# Improve container startup time by caching images

Many AWS customers use Amazon EKS to run machine learning workloads. Containerization allows machine learning engineers to package and distribute models easily, while Kubernetes helps in deploying, scaling, and improving. When working with customers that run machine learning training jobs in Kubernetes, we have seen that as the data set and model size grows, so does the container image size, which results in slow containers startup. 

The slow container startup problem isn’t unique to machine learning and artificial intelligence. We have seen similar issues in build environments and data analytics workloads. The container images for these workloads include data, libraries, and dependencies. As a result, these images can vary from a few hundred MBs to tens of GBs. 

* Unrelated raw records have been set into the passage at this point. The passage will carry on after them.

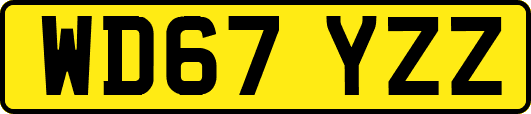 WD67YZZ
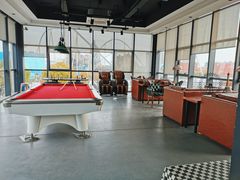 -雪浪山卡丁车俱乐部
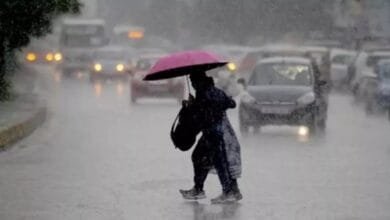 मध्यप्रदेश में मानसून ने मचाया कोहराम: 27 जून तक भारी बारिश का दौर, कई जिलों में रेड अलर्ट 1 mp_rain_alert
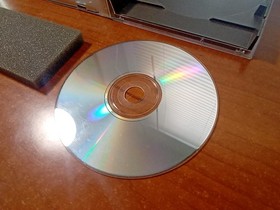 CIB Cliffhanger (Sega CD, 1993) Complete *TESTED*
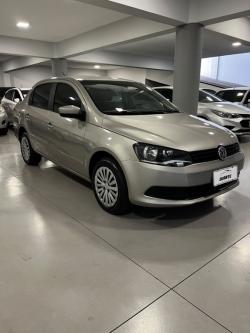 VOLKSWAGEN Voyage 1.0 4P CITY FLEX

When images grow beyond a few hundred MBs, it can take several minutes to start a container. The primary reason for this slowness is that the container runtime has to pull the entire container image before the container can start. Kubernetes solves this problem by caching images on nodes. But that only reduces the startup time for subsequent containers. The first image pull remains a challenge.

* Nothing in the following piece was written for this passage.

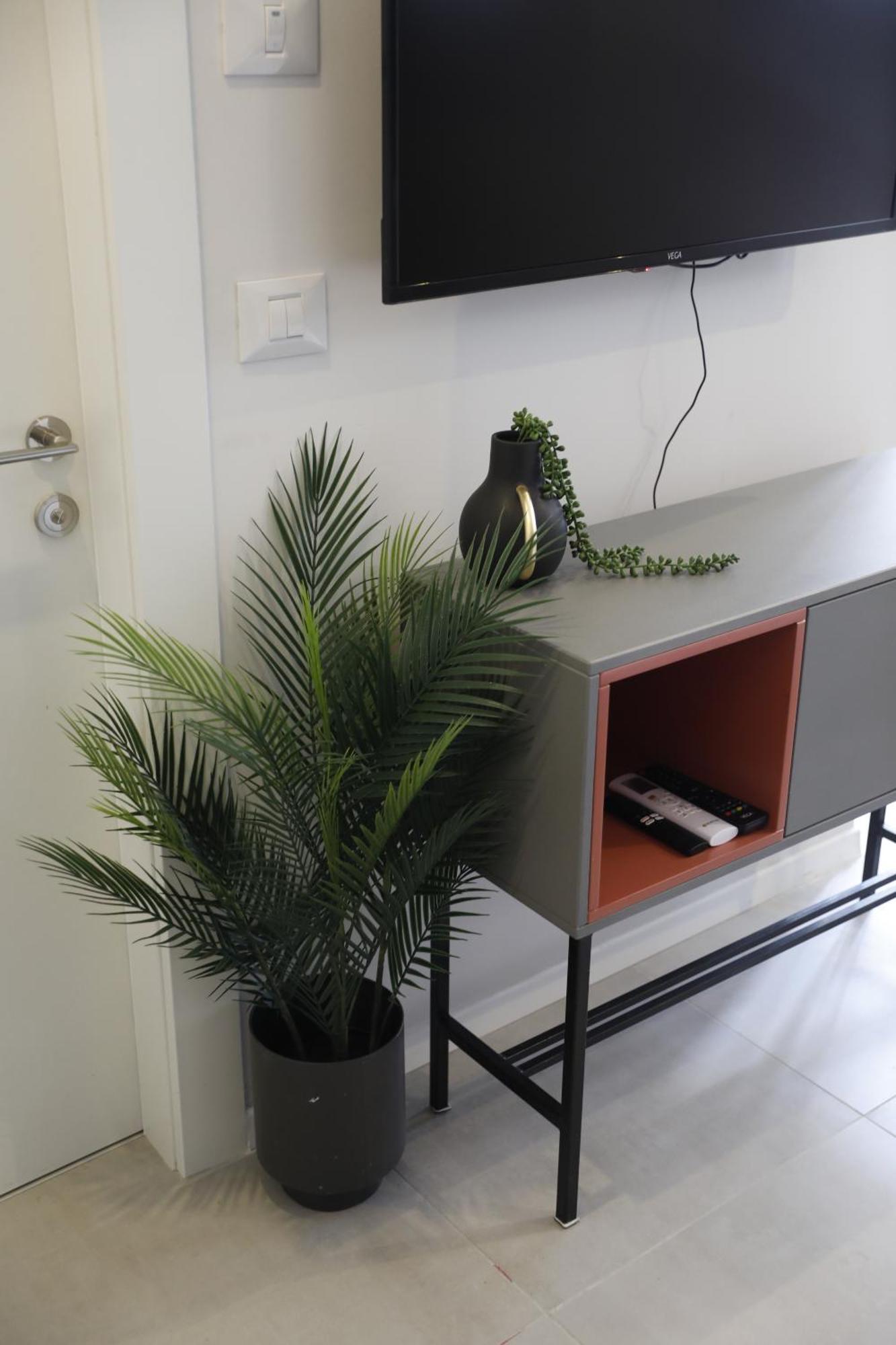 Stylish Modern - Port & Apartments, חיפה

Several community projects have attempted to tackle this issue by pre-fetching larger images. The idea is to pull the image on nodes before a Pod gets scheduled. These projects add another component that customers have to manage as they rely on DaemonSets and CronJobs to maintain a cached copy of large images. This post proposes a design that allows you to pre-pull images on nodes without managing infrastructure or Kubernetes resources. 


## EKS data plane management with AWS Systems Manager

AWS Systems Manager (https://aws.amazon.com/systems-manager/) is a secure end-to-end management solution for AWS resources. It offers a suite of operational management tools to simplify the management of AWS resources, automate operational tasks, and streamline IT operations at scale.

With AWS Systems Manager, you can securely manage instances, automate patching and software installations, monitor and collect operational data, and enable remote access to instances, making it an essential tool for efficiently managing your AWS infrastructure. You can use AWS Systems Manager to customize nodes as they get created.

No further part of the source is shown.